▶ **Data**:

>>>>

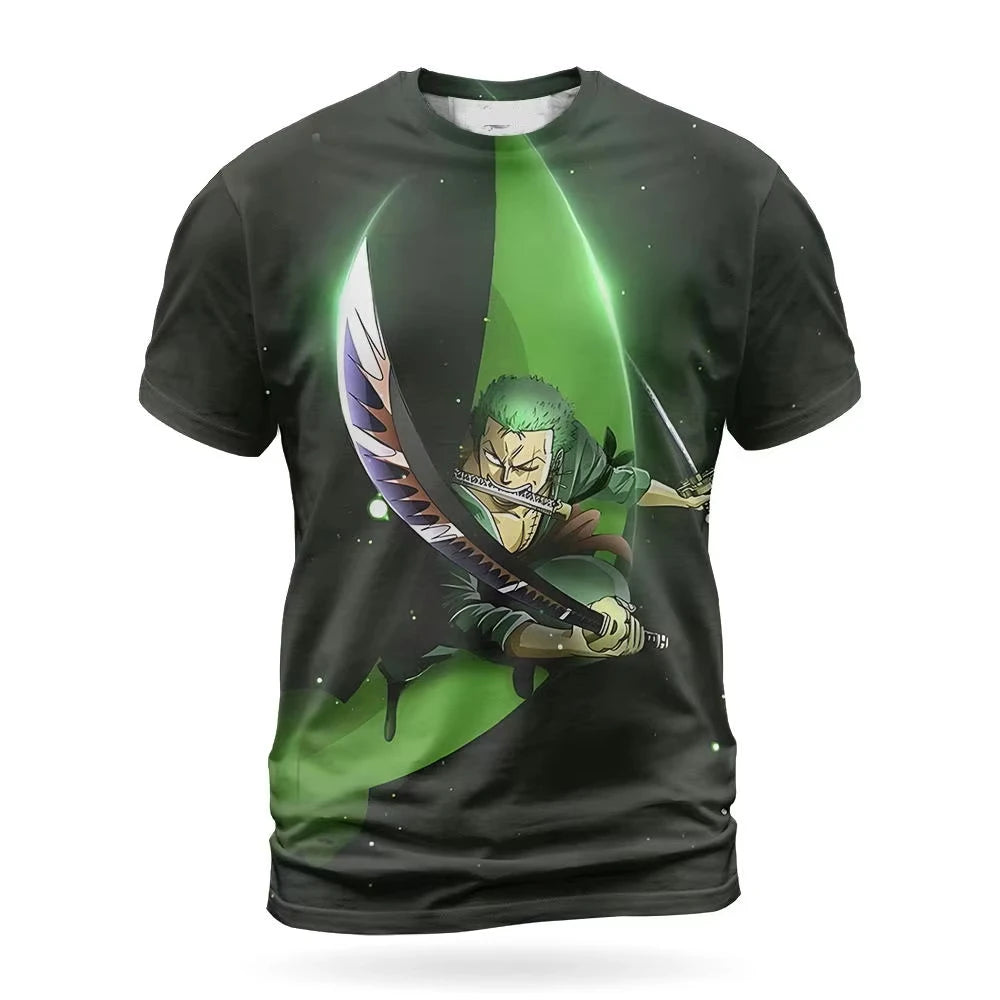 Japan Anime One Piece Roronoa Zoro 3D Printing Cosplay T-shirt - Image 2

<<<<
>>>>

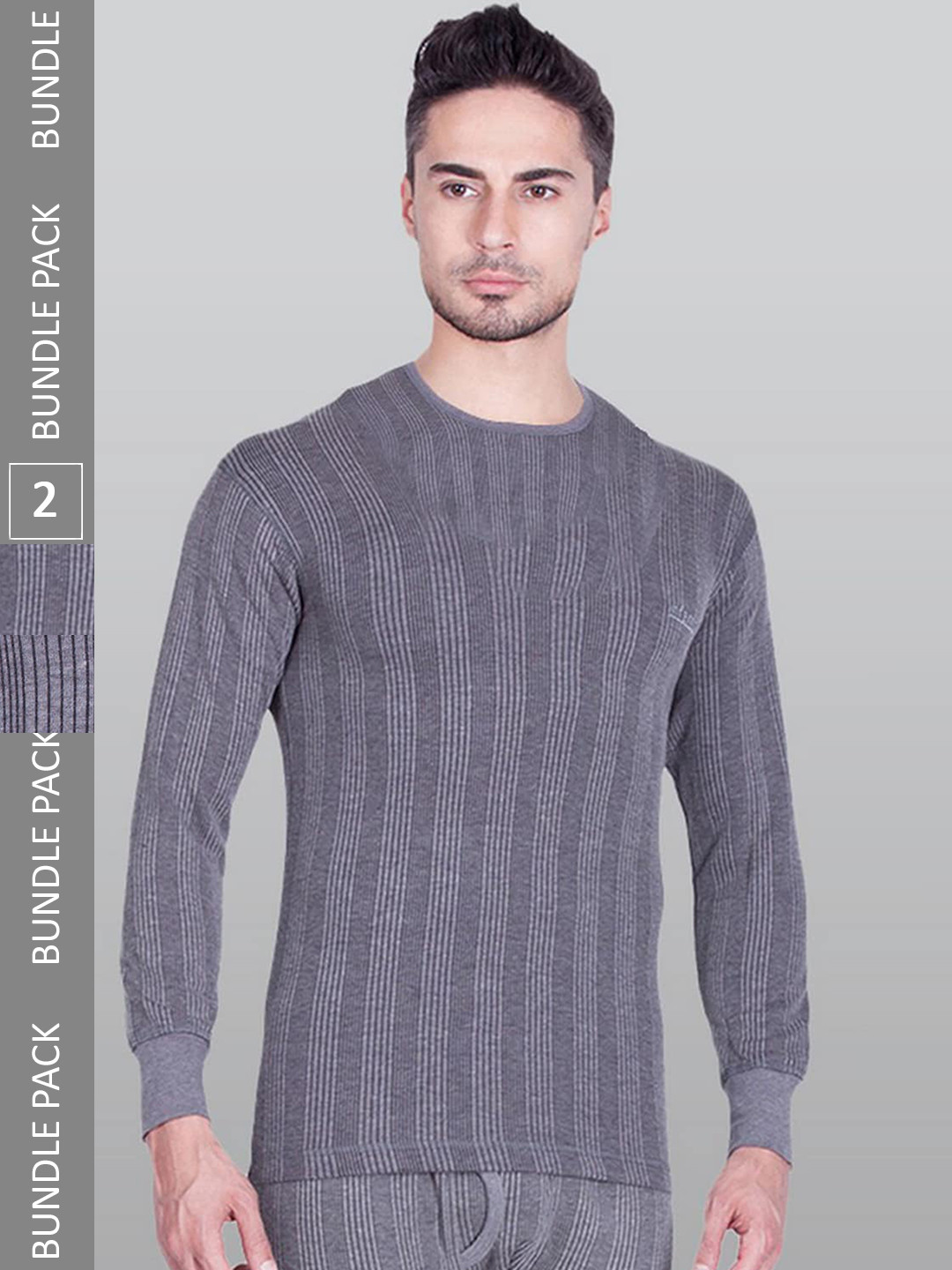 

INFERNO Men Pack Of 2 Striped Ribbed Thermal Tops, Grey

<<<<
>>>>

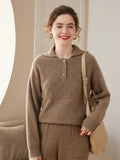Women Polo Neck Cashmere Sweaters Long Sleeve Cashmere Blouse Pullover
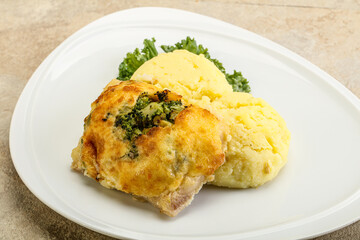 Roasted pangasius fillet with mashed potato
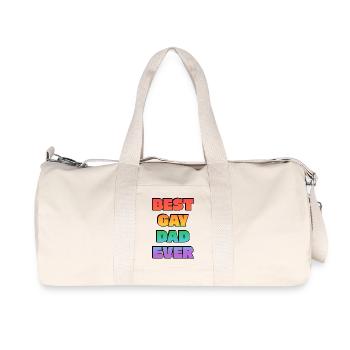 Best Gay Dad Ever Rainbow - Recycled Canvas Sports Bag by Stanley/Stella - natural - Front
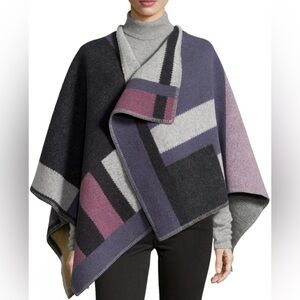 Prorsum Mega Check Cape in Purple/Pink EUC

<<<<

Using the listing above, repeat word for word each line from the one with "Roasted pangasius fillet with mashed potato" down to the one with "Prorsum Mega Check Cape in Purple/Pink EUC", both included. Omit all pictures.

 Roasted pangasius fillet with mashed potato
 Best Gay Dad Ever Rainbow - Recycled Canvas Sports Bag by Stanley/Stella - natural - Front
 Prorsum Mega Check Cape in Purple/Pink EUC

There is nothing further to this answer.